Das Dissertationsprojekt befasst sich mit dem ambivalenten Einsatz von Gleichgültigkeit in der Literatur des 19. Jahrhunderts, der zwischen Formen der Äquivalenz und Indifferenz changiert. So muss die Rede von Gleichgültigkeit nicht zwangsläufig Gesten der Unempfindlichkeit oder Teilnahmslosigkeit bezeichnen. Wie schon die Ursprünge des deutschen Begriffs auf die Gleichheit von Maß- und Werteinheiten verweisen und auch die lateinische indifferentia das Gleichsein benennt, so sind Prinzipien der Bemessung, der Vergleichbarkeit und Unentschiedenheit nie gänzlich aus dem europäischen Resonanzraum der Gleichgültigkeit bzw. der Indifferenz verschwunden.

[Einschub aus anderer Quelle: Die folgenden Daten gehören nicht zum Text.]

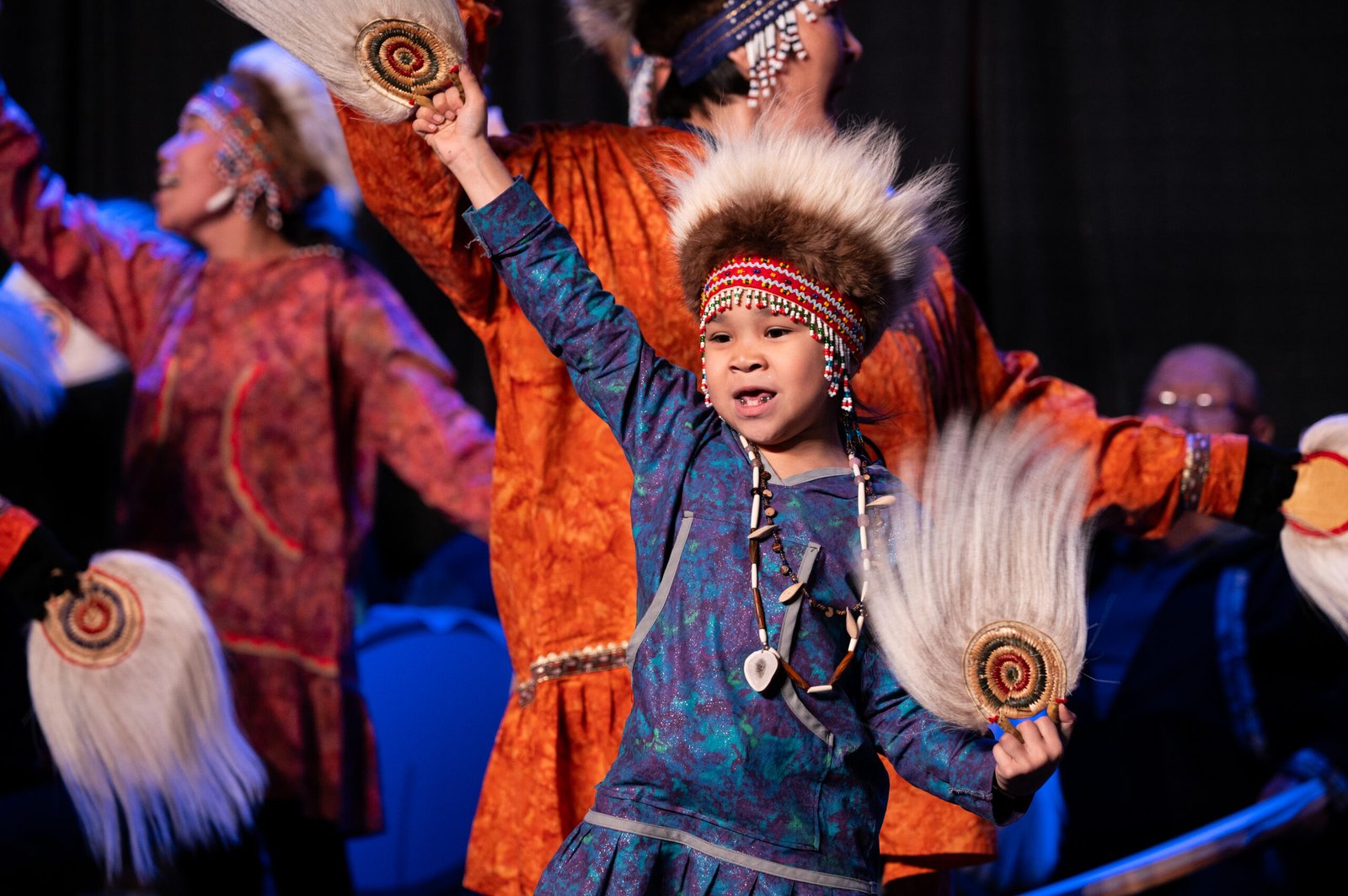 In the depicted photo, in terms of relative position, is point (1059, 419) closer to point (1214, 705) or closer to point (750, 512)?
point (750, 512)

Damit rücken einerseits Verfahren von Äquivalenz, Entsprechung und Gleichwertigkeit in den Blick der Arbeit. Andererseits sollen Momente der Wertung und des Vergleichs beleuchtet werden, die Personen und deren Beziehungsweisen definieren und im 19. Jahrhundert von Gesten der Unentschiedenheit bis zu Haltungen des Desinteresses reichen. Dieses schillernde Bedeutungsspektrum dient dem Projekt zum Anlass, Romane und Novellen von Émile Zola, Guy de Maupassant, Honoré de Balzac, Gottfried Keller und Henry James auf ihre Entwürfe von Gleichgültigkeit hin zu untersuchen. Nach Maßgabe eines komparatistischen Ansatzes möchte das Projekt die Texte auf ihre spezifische Poetologie von Gleichgültigkeit bzw. Indifferenz hin befragen und insbesondere ihr Verhältnis zu Diskursen der Ökonomie beleuchten. Denn der Siegeszug des bürgerlichen Kapitalismus im 19. Jahrhundert und seine Ansprüche monetärer Äquivalenz haben im „Zeitalter der Gleichheit“ (Tocqueville) weitreichende semantische Konsequenzen. Die Gleichgültigkeit des Geldes  wirft mit dem „Gleichsetzen des Ungleichartigen“ (Marx) vielfältige Fragen auf.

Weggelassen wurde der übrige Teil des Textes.